Josh VanDyke • Jan 10, 2019 at 1:00 AM

It was a difficult decision for then-senior student-athlete Aaron Cummings, as he prepared for his spring season at Grand Haven High School in 2015.

After spending most of his athletic career excelling on the track and field team for the Buccaneers, the versatile athlete decided to take a risk — joining the Grand Haven rugby club and leaving his track days behind.

That decision, while risky at the time, has changed Cummings' life forever, as he committed to the sport and excelled to the point that he can now call himself a professional athlete.

Last week, Cummings signed a professional contract with the New England Free Jacks, an expansion team in Major League Rugby, as he continues to chase down his dreams on the pitch.

"It was wild," said Cummings of the experience. "This is something I've been praying about for a long time and to see it unfold like this is truly a blessing. I just think about all the times that I stayed up until 2 a.m. watching film and all the hard work I've put in both on the pitch and in the weight room, and this proves that I made the right decision.

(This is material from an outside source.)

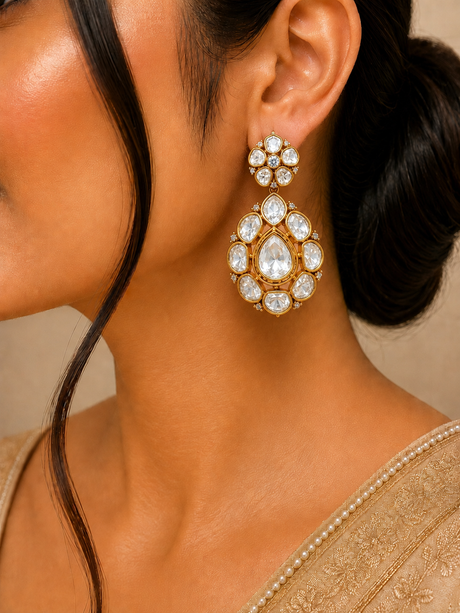 Close-up of a woman wearing a gold and crystal earring with a neutral background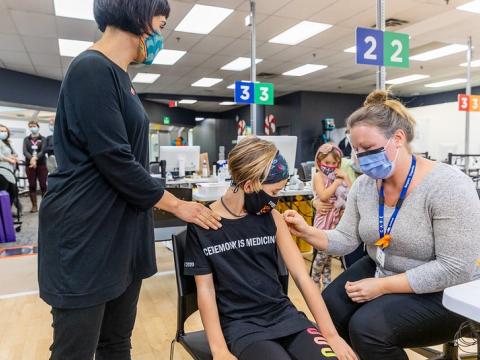 Girls getting vaccinated with mom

"For the Free Jacks organization to give this opportunity means the world to me. I've been passed over a lot through the years, so for them to believe in me and give me a chance to prove myself is something I won't take for granted."


Cummings was a three-sport athlete at Grand Haven, excelling at football, wrestling and track for the Buccaneers.

After committing to play football at Davenport University, Cummings decided to give rugby a try in the spring, after completing his final season on the mat for the Grand Haven wrestling program at 162 lbs.

The physical nature of the sport and the camaraderie within the rugby community are two things that really drew Cummings in initially.

"I enjoyed the physicality of the sport and culture around it," he said of his initial impression of rugby. "It was really a family atmosphere. I felt like I didn't just have teammates; I had brothers that I was willing to do anything for.

"It's just different. There's no other sport where both teams sit down and have dinner together after competing in a high-intensity game like that. There's so much respect between athletes and coaches, and it's just a very supportive community."

The decision to quit track and try a brand-new sport was not an easy one, as most of Cummings' family wanted him to stick with track and focus on his future football career at the college level.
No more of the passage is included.